**DATASET RECORDS**
══════════

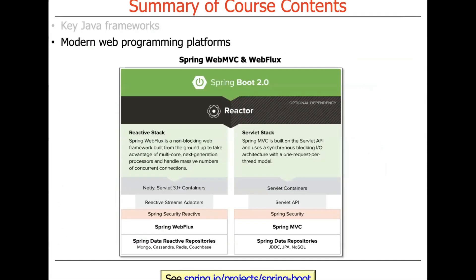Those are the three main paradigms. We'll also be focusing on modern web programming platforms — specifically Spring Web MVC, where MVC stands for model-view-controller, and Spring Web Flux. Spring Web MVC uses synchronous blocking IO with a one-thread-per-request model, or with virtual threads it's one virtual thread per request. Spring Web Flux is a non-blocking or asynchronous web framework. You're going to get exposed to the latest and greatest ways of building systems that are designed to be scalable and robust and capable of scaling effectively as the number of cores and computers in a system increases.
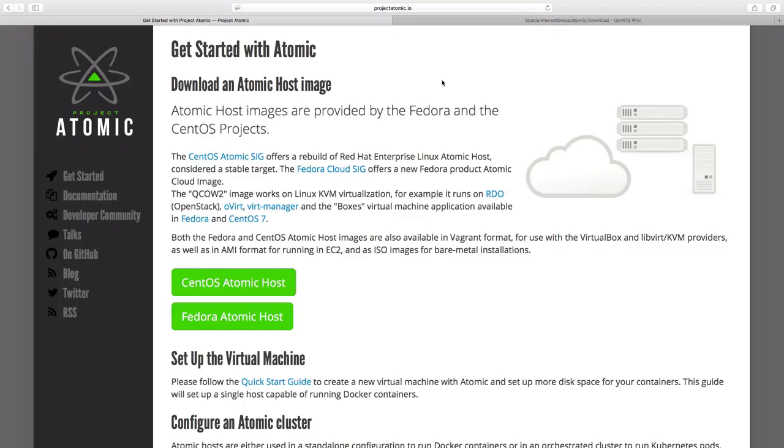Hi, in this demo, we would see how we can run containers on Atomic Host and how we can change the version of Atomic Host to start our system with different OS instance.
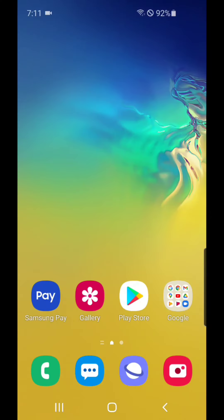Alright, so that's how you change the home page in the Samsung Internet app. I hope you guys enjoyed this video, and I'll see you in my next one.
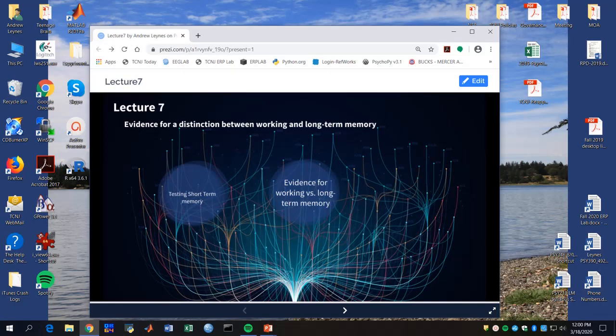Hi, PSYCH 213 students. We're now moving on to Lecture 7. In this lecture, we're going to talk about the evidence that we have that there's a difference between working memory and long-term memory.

══════════

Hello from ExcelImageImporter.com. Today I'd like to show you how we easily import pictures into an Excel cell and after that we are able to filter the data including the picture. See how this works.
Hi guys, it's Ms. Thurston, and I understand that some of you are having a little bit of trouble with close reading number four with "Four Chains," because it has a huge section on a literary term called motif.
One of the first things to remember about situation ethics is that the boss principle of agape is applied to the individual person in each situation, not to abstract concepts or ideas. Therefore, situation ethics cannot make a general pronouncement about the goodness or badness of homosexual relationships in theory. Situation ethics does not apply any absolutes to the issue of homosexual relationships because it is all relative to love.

══════════

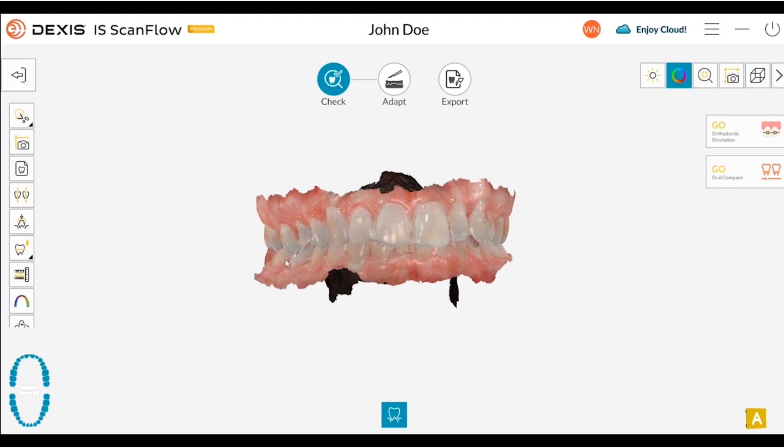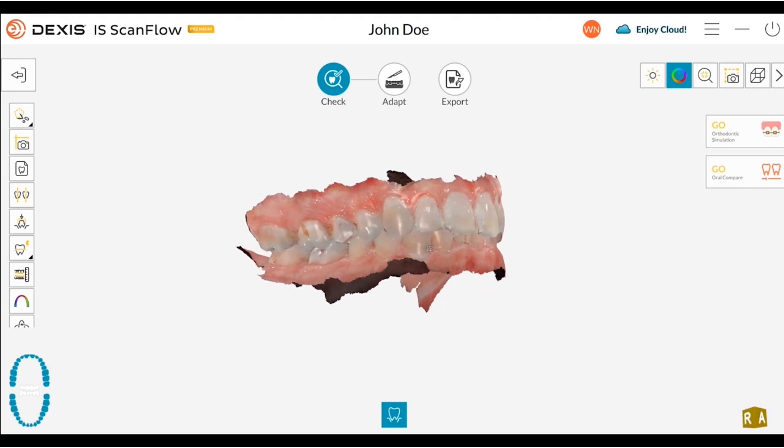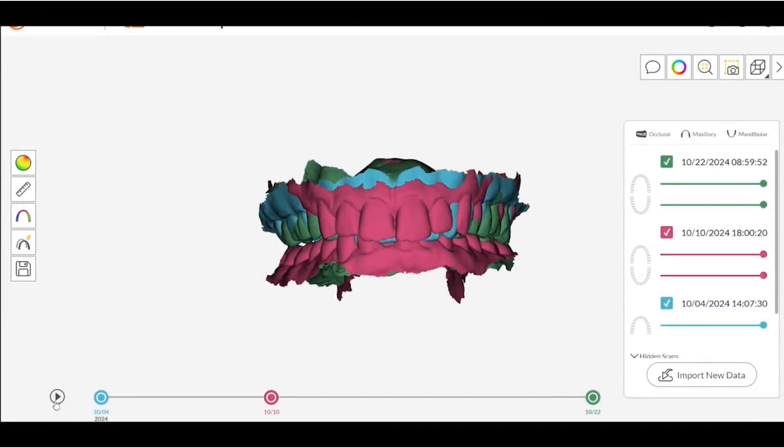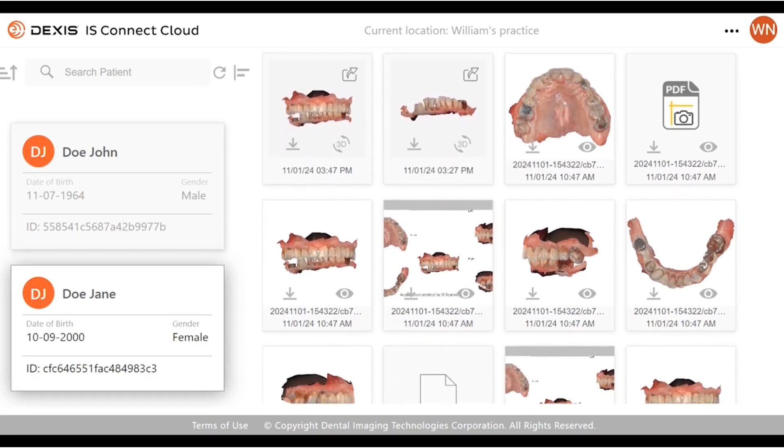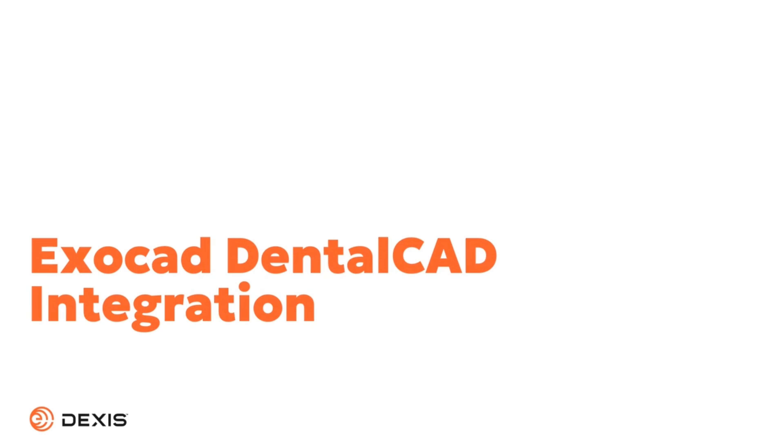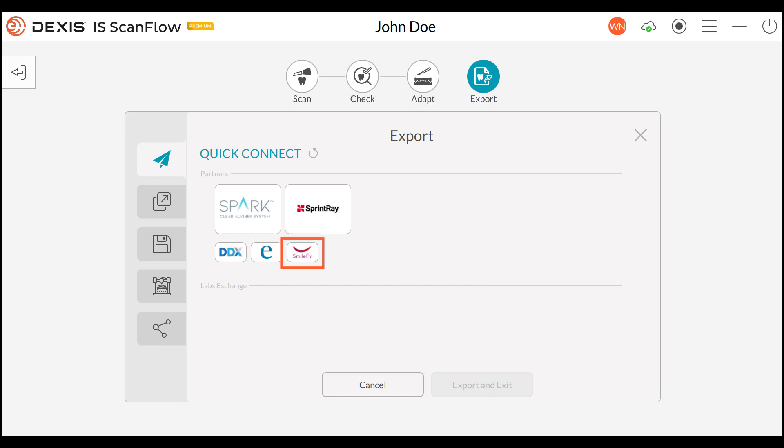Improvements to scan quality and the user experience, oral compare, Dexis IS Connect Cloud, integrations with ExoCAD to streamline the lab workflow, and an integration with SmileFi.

══════════

**ASSIGNMENT**
Scan the material for the string "because". Copy each line where it appears.

**REPLY**
Hi guys, it's Ms. Thurston, and I understand that some of you are having a little bit of trouble with close reading number four with "Four Chains," because it has a huge section on a literary term called motif.
One of the first things to remember about situation ethics is that the boss principle of agape is applied to the individual person in each situation, not to abstract concepts or ideas. Therefore, situation ethics cannot make a general pronouncement about the goodness or badness of homosexual relationships in theory. Situation ethics does not apply any absolutes to the issue of homosexual relationships because it is all relative to love.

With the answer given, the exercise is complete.